Features of Teradata
- Unlimited Parallelism − Teradata database system is based on Massively Parallel Processing (MPP) Architecture. MPP architecture divides the workload evenly across the entire system. Teradata system splits the task among its processes and runs them in parallel to ensure that the task is completed quickly.
- Shared Nothing Architecture − Teradata’s architecture is called as Shared Nothing Architecture. Teradata Nodes, its Access Module Processors (AMPs) and the disks associated with AMPs work independently. They are not shared with others.
- Linear Scalability − Teradata systems are highly scalable. They can scale up to 2048 Nodes. For example, you can double the capacity of the system by doubling the number of AMPs.
- Connectivity − Teradata can connect to Channel-attached systems such as Mainframe or Network-attached systems.
- Mature Optimizer − Teradata optimizer is one of the matured optimizer in the market. It has been designed to be parallel since its beginning. It has been refined for each release.
- SQL − Teradata supports industry standard SQL to interact with the data stored in tables. In addition to this, it provides its own extension.
- Robust Utilities − Teradata provides robust utilities to import/export data from/to Teradata system such as FastLoad, MultiLoad, FastExport and TPT.
- Automatic Distribution − Teradata automatically distributes the data evenly to the disks without any manual intervention.
The main components of Teradata Architecture are PE(Parsing Engine), BYNET, AMP(Access Module Processor), Virtual Disk. Following is the logical view of the architecture:
When a user fires an SQL query it first gets connected to the PE (Parsing Engine). The processes such as planning and distributing the data to AMPS are done here. It finds out the best optimal plan for query execution.

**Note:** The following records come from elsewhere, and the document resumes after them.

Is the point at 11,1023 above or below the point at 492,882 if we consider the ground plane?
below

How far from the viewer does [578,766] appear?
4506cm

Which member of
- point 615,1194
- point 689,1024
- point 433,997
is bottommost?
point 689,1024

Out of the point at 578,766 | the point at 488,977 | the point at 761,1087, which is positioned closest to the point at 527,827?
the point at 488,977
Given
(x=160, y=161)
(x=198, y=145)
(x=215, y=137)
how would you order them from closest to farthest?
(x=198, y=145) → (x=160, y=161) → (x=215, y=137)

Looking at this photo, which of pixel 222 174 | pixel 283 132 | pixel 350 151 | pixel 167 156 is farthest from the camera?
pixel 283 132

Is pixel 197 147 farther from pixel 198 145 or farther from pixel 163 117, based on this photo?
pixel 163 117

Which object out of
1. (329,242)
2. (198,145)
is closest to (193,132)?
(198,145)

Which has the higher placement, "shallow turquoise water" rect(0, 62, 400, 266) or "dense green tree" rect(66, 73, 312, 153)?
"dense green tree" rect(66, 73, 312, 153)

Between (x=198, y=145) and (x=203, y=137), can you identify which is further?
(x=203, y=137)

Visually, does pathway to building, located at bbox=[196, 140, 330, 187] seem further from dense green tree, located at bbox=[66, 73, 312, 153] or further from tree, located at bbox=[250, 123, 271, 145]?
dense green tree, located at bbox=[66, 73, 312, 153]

The following are the processes performed by PE:
- Parser: The Parser checks for the syntax, if true forward the query to Session Handler.
- Session Handler: it does all the security checks, such as checking of logging credentials and whether the user has permission to execute the query or not.

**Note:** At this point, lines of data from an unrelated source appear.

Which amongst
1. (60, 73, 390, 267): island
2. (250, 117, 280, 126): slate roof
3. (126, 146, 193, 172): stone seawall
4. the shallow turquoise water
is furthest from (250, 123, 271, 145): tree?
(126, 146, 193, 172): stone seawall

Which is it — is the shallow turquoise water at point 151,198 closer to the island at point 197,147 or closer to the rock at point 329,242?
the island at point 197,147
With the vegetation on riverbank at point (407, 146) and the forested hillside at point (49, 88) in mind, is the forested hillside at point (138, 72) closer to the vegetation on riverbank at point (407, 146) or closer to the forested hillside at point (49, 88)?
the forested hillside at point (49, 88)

- Optimizer: It finds out the best possible and optimized plan to execute the query.
- Dispatcher: The Dispatcher forwards the query to the AMPs.
The BYNET acts as a channel between PE and AMPs. It acts as a communicator between the two. There are two BYNETs in Teradata ‘BYNET 0’ and ‘BYNET 1’. But we refer them as single BYNET system. The reason for having 2 BYNETs is:
- If one BYNET fails, the second one can take its place.

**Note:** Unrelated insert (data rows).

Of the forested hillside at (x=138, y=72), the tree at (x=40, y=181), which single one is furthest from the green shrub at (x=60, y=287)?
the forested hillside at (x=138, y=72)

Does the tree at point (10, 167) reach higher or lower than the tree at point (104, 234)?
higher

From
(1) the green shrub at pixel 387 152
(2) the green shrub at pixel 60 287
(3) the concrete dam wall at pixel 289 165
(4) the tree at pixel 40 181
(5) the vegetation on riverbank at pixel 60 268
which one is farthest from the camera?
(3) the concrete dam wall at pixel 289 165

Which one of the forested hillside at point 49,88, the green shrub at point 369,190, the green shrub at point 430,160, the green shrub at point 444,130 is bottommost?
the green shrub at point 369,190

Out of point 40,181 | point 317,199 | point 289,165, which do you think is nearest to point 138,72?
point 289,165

- When data is large, both BYNETs can be made functional which improves the communication between PE and AMPs, thus fastening the process.
Access Module Processor is a virtual processor which is connected to PE via BYNET. Each AMP has its own disk and is allowed to read and write in its OWN disk. This is called as ‘SHARED NOTHING ARCHITECTURE’. When the query is fired , Teradata distributes the rows of table on all the AMPs and when it calls for any data all AMPs work simultaneously to give back the data. This is called PARALLELISM. The AMP executes any SQL requests in three steps
- Lock the table.
- Execute the operation requested.
- End the transaction.
Subscribe For Free Demo
Error: Contact form not found.
Teradata offers a set of Virtual Disks for each AMP. The storage area of each AMP is called as Virtual Disk or Vdisk. The steps for executing the query are below:
1.The user fires the query which is sent to PE.
2.PE does the security and syntax checks, and finds out the best optimal plan to execute the query.
3.The table rows are distributed on the AMP and the data is retrieved from the disk.
4.The AMP sends back the data through BYNET to PE.
5.PE returns back the data to the user.
Components of Teradata
1. Node − It is the basic unit in Teradata System. Each individual server in a Teradata system is referred as a Node. A node consists of its own operating system, CPU, memory, own copy of Teradata RDBMS software and disk space. A cabinet consists of one or more Nodes.
2.Parsing Engine − Parsing Engine is responsible for receiving queries from the client and preparing an efficient execution plan. The responsibilities of parsing engine are −
- Receive the SQL query from the client
- Parse the SQL query check for syntax errors
- Check if the user has required privilege against the objects used in the SQL query
- Check if the objects used in the SQL actually exists
- Prepare the execution plan to execute the SQL query and pass it to BYNET
- Receives the results from the AMPs and send to the client
3.Message Passing Layer − Message Passing Layer called as BYNET, is the networking layer in Teradata system. It allows the communication between PE and AMP and also between the nodes. It receives the execution plan from Parsing Engine and sends to AMP. Similarly, it receives the results from the AMPs and sends to Parsing Engine.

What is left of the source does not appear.